Dyson Chee, 18, is a freshman at Kapiolani Community College. He is pursuing a degree in interdisciplinary studies. 


Vote. In the last two months, I used this word more often than my brother’s name.

As a highly active participant in Hawaii’s 2020 primary election, I experienced two important milestones: voting for the first time, and volunteering for a candidate’s campaign for the first time.

At the age of 17, I joined Kim Coco Iwamoto’s bid to win the District 26 House seat as chair of her campaign committee. As expected, many of my friends and family were befuddled that I would accept a leadership position in a political campaign while still in high school.

There are a couple of reasons why I decided to take on this responsibility.

The first is that I live in the same district as Kim Coco, which made this race both meaningful and impactful for me and my family. The second reason is that Kim Coco’s stances on local issues resonated with mine. Whether it was the cost of living, climate change, or economic sustainability, I knew I could count on Kim Coco to make choices that would protect Hawaii’s future.

Media gathers in the Kaneohe District Park lot before the Official Ballot drop box press conference. July 21, 2020
Hawaii’s first-ever vote by mail was inaugurated for the Aug. 3 primary, where voters could place ballots in drop boxes like this one at Kaneohe District Park. Cory Lum/Civil Beat/2020

Although Kim Coco’s bid fell short, this begs the question: What do campaigns such as Kim Coco’s mean for my generation?

With the state Legislature and U.S. Congress unable to pass laws to lower the voting age to 16 as of August 2020, campaigns such as Kim Coco’s offer a beacon of hope for youth who feel compelled to get involved in the electoral process.

Giving Youth A Chance

You do not have to be of voting age to be on a political campaign. In fact, several of the volunteers for our committee were people around my age.

We did everything adult volunteers did, with some of us clocking the most hours door-knocking and phone-banking. I even had friends who volunteered for other candidate’s campaigns.

Still, we were, by far, the minority. Most youth are not inclined to get involved in Hawaii politics because they do not see a future for themselves here; instead they feel out-of-place and sense a lack of opportunity. As one of my friends remarked, “This isn’t where you make it big. It’s where you retire.”

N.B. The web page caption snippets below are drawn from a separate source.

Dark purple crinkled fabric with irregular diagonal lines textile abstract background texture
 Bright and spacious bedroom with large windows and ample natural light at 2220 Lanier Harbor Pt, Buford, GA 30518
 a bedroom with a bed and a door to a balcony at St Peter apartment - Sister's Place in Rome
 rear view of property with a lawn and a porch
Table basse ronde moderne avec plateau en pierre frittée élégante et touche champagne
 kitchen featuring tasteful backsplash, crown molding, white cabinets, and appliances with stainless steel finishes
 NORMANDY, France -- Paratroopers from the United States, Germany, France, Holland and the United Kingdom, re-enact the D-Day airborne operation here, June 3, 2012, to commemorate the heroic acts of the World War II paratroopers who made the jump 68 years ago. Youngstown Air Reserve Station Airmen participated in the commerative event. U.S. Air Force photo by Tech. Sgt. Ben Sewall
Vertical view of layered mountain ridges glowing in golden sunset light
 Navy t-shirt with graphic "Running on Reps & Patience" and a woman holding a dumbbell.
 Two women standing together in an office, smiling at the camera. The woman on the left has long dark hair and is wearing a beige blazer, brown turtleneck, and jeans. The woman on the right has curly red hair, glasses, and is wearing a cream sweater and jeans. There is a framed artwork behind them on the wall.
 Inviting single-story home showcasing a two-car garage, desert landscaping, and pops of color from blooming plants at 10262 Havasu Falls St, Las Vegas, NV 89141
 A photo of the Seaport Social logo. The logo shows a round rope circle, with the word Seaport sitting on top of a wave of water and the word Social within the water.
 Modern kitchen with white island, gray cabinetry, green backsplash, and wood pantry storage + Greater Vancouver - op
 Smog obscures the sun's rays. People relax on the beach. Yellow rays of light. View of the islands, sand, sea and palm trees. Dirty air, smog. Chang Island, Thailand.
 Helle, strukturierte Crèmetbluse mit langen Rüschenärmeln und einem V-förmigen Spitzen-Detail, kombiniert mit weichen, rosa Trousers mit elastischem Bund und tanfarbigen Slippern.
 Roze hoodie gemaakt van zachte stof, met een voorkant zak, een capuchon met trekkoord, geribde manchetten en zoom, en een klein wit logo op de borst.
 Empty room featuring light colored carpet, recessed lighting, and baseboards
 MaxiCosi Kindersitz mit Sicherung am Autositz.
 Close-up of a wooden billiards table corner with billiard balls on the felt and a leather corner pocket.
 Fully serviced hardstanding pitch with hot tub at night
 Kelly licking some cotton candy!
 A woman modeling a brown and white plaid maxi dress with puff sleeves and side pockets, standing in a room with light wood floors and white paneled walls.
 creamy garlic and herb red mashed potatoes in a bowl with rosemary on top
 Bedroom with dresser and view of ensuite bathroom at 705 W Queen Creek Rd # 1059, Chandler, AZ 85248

This is how campaigns like Kim Coco’s change the narrative, by giving youth a chance to engage meaningfully in the electoral process before they are even old enough to vote. For me personally, serving as chair for Kim Coco Iwamoto’s campaign committee has been an eye-opening experience.

You do not have to be of voting age to be on a political campaign.

I was lucky to have the opportunity to network with my neighbors, learn about the heavy lifting that goes into running a campaign, and gain a newfound understanding of local politics. Because of this, I feel rooted in my community and have even more reasons to stay in Hawaii.

As easy as it may sound, encouraging youth engagement and, more importantly, providing leadership opportunities for them in political campaigns requires us all to make an effort.

Candidates need to encourage youth to join their precious campaigns. Parents need to allow their children to step outside of the controlled comfort of the classroom. Elected officials need to put petty politics aside in favor of increasing youth participation, even if that means supporting volunteers who work for their opponents.

A united community has the power to create a world where youth involvement in a candidate’s campaign is normalized.

So, will you help create this future? I will.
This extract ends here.